I was checking the frontpage of www.ntytimes.com last night around 11:15pm or so when I saw a new headline that wasn't there when I checked around 10pm (Its an OCD sort of thing I've developed since 9/11 - check check check the news). And here was a headline telling me Hunter S. Thompson, co-founder of Gonzo Journalism had taken his life. I sat for a second and thought about it and let it soak in.
"Aww no..." I thought. I also immediately thought of my estranged friend Tom who was a bigger Thompson fan than I. At least back when we spoke regularly he was. Anyway, I walked into the bedroom and told Clarisa what I had just read.
"Really? Wow.' She paused and looked briefly at her laptop screen, but saw nothing and looked back up at me. "In way, that makes sense.' she paused again."That's the end of something, isn't it?".

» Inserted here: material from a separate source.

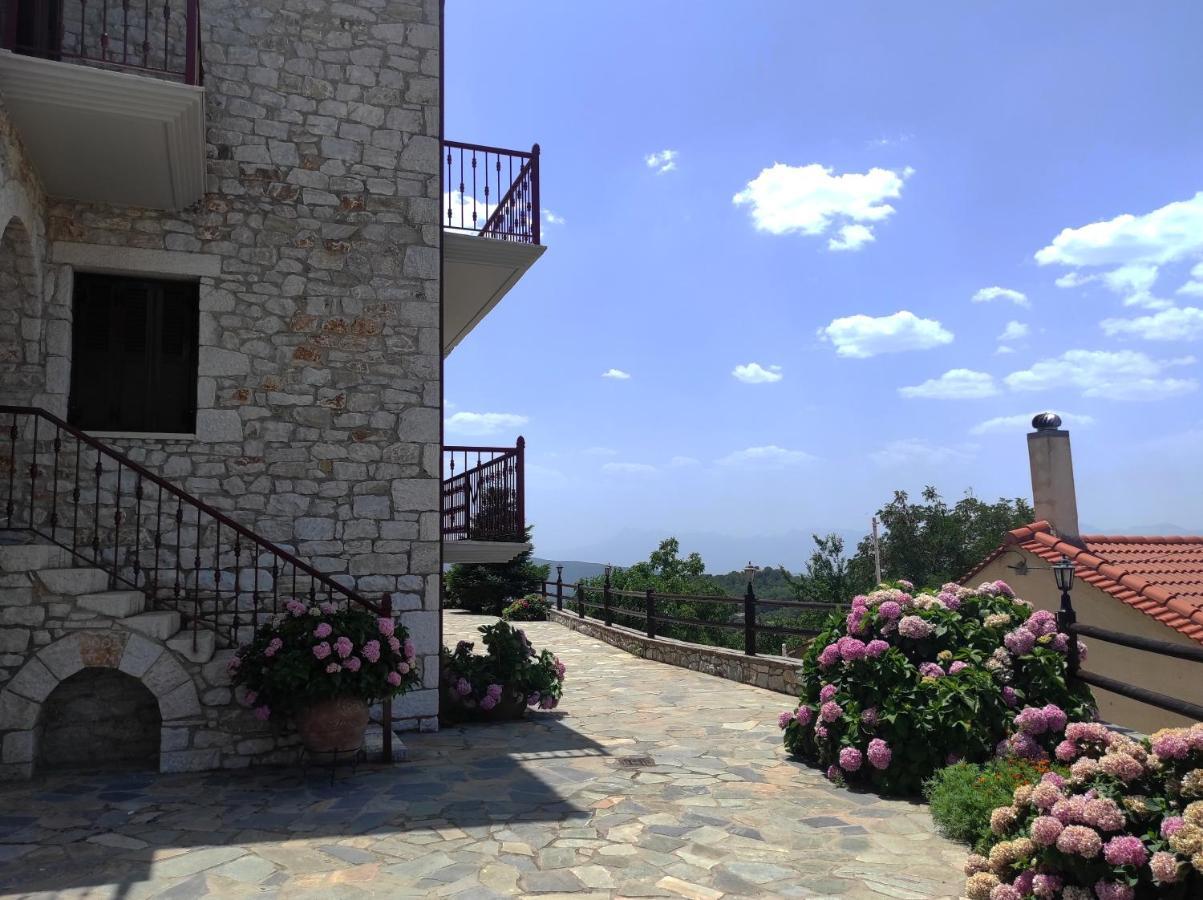 Meterizi Guesthouse Varvitsa Bagian luar foto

I thought about what she said for a second and I had to agree. I knew what she meant -- that it was more than Hunter that had just died. An age of sorts has passed. The voice of Gonzo Journalism silenced himself and left us to fend for ourselves in this land that I see quietly creeping toward Orwellian prognostications. And how was he supposed to leave this earth? Dying slowly in a nursing home? It just seems to fit that this is how it would end for him. By no means do I condone it and I hope I never face such a choice but it seems to fit, though I'd rather it not.
While not a regular reader, I always found it comforting to know that he was out there doing his thing; thinking bounding thoughts and experiencing things in a visceral way. What's more, I knew that I could, when I wanted, check right in and live vicariously through him for a bit via a column on ESPN's Page 2 or in any of his other writing. His writing is still there, of course, but all of a sudden I'm not as comfortable. Maybe he could appreciate that.